The Portfolio of Photography vs. Engineering

I’ve known a few photographers, they almost never get hired without having a portfolio of work that they can show off.

Engineers on the other hand are almost never asked for a portfolio, they are asked about projects, ut having pictures of them isn’t requisite to landing the job.

There’s a couple different reasons for this. A photographer is being paid for their “eye”, how they see lighting, composition, scenery, etc. It’s impossible to know how they “see” without seeing a portfolio.

An engineer is hired to design something that is likely proprietary. Provided you weren’t fired from the last job, we’ll have to assume that your work was adequate because it’s understood your last employer doesn’t want you showing your work off around town risking their proprietary knowledge. There also tends to be other qualifying criteria such as a Bachelor’s Degree that shows you have a certain knowledge level.

In today’s world, a portfolio of work is the easiest it’s ever been to curate. Build a website, start adding projects, photos, thoughts and anything else to it over the years, and edit it from time to time.

While other professions follow engineering in some regards, it never hurts your chances to have a portfolio of work.

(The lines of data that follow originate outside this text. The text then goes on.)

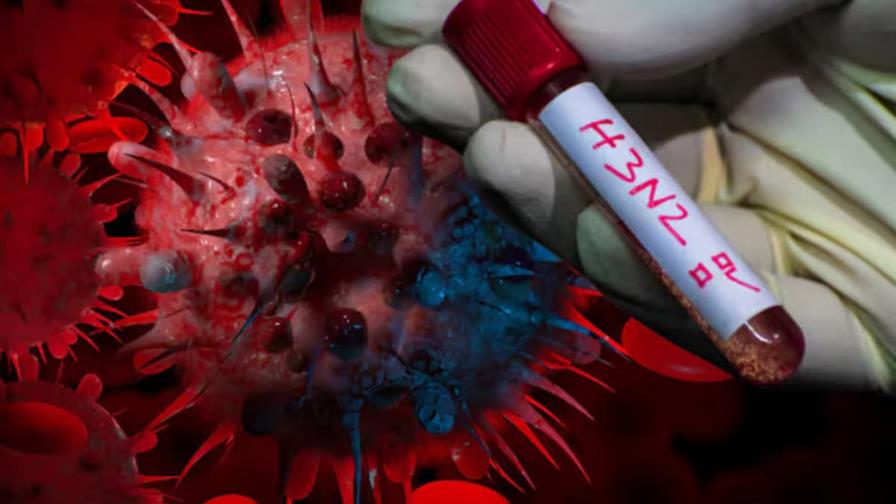 Dos menores en Lima son los primeros casos de influenza A H3N2 en Per&uacute;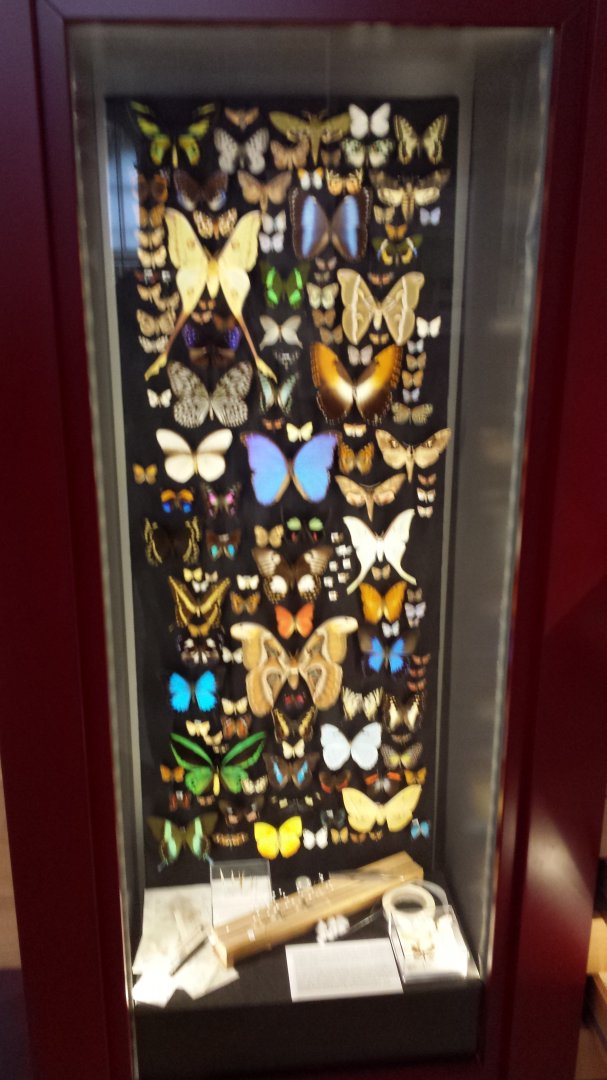 Museum Koenig Bonn - Butterflies and moths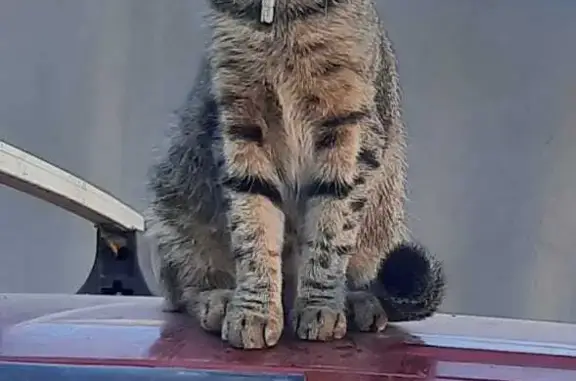 Потерянные животные Новосибирск, фото: Пропала кошка на ул. Костычева 8, Новосибирск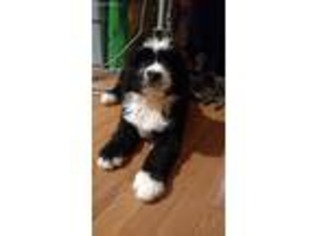 Mutt Puppy for sale in Paris, KY, USA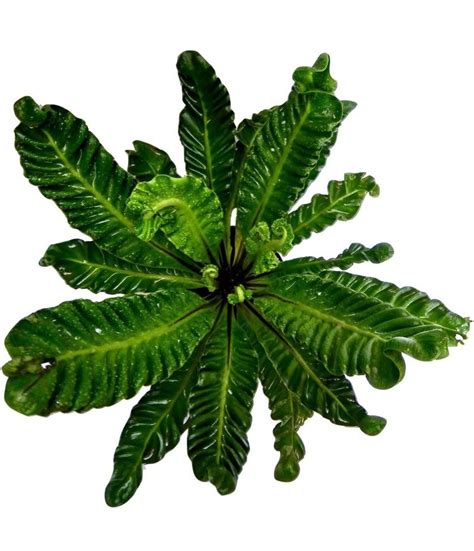Cobra Fern Plant – Gardengram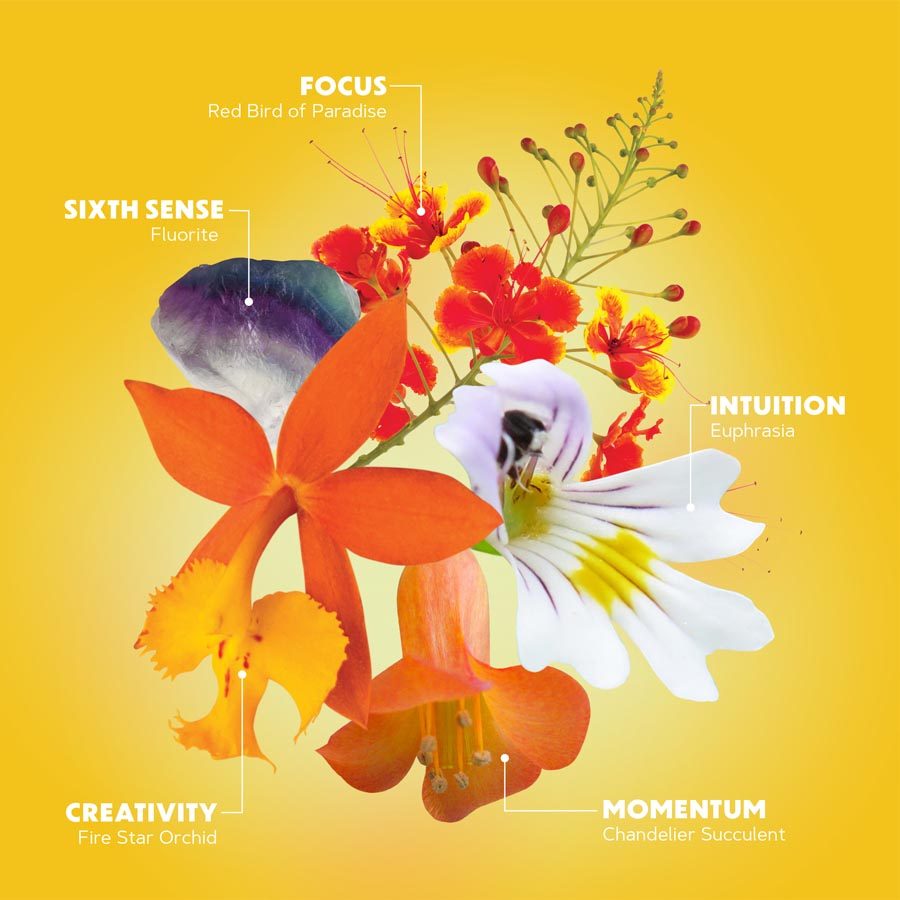 Inspired Action-Flower Collage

To be able to say, “Here is what I did, and what I can do, what do you think?” It makes for a much more concrete conversation.

If you’re an engineer and you built a sofa for your house, that’s probably worth documenting. If you’re a baker and you made a full-size cake of Darth Vader, that’s worth documenting. If you’re in the hair styling business and you have ten different people who you made look better through a radical change in hair style, it’s worth documenting.

There are so many places where a portfolio is the piece of marketing you’re missing, that it’s worth thinking about what you can do to document your work.